Recorded data:
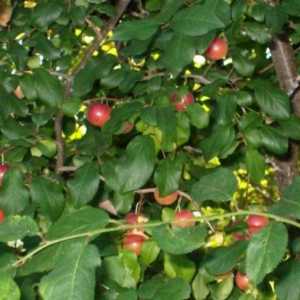 Beneficiile prunelor și a daunelor, conținutul caloric și compoziția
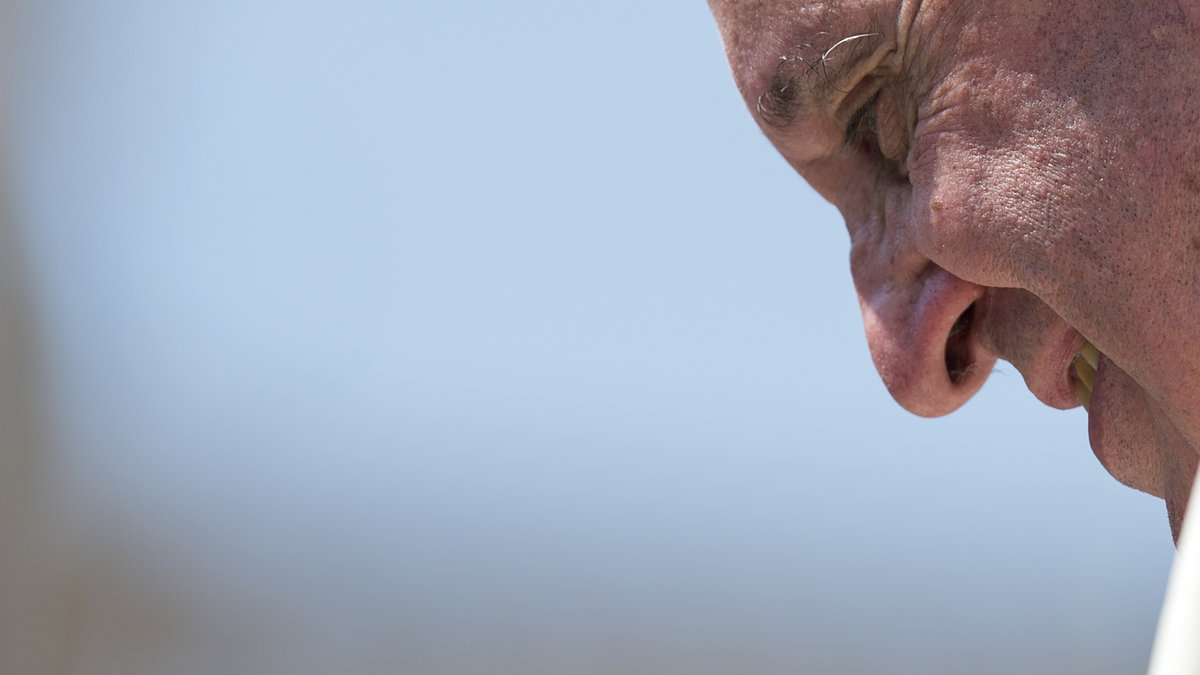 Pope Francis – Profile – Portrait – Close-up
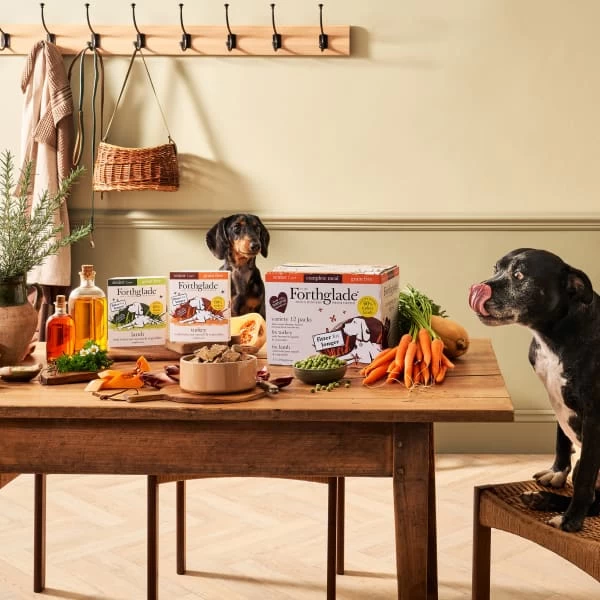 Forthglade Complete Meal Grain-free Senior Wet Dog Food - Variety Pack 9 Forthglade Complete Meal Grain-free Senior Wet Dog Food - Variety Pack - Image 7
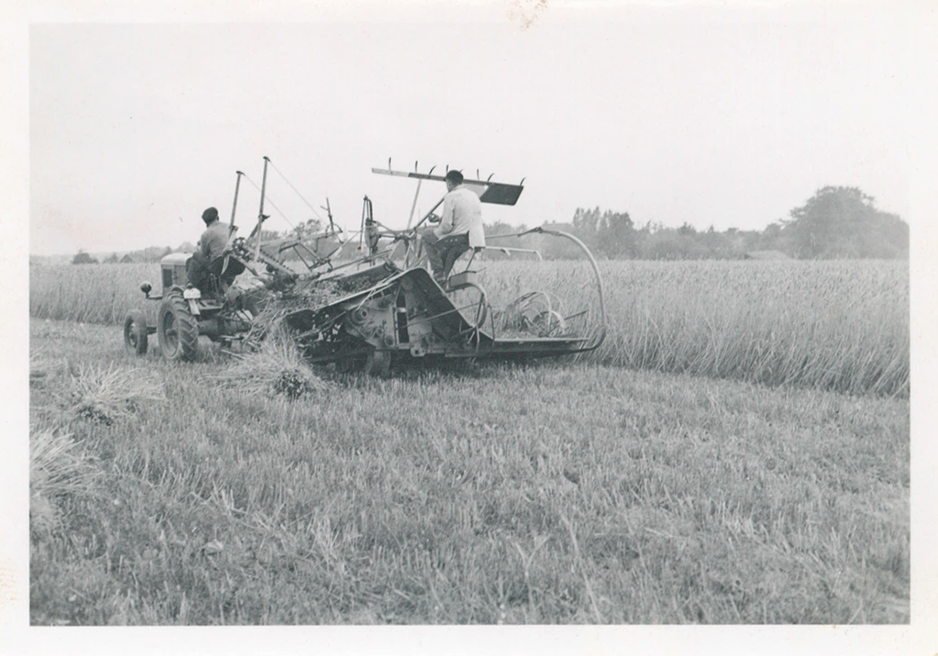 Heißener Hof – Entstehungsgeschichte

Work item: Exactly reproduce the lines beginning at the one that contains "Pack - Image 7" and ending at the final line of the material, with the pictures left out.

Solution to the exercise:
 Forthglade Complete Meal Grain-free Senior Wet Dog Food - Variety Pack 9 Forthglade Complete Meal Grain-free Senior Wet Dog Food - Variety Pack - Image 7
 Heißener Hof – Entstehungsgeschichte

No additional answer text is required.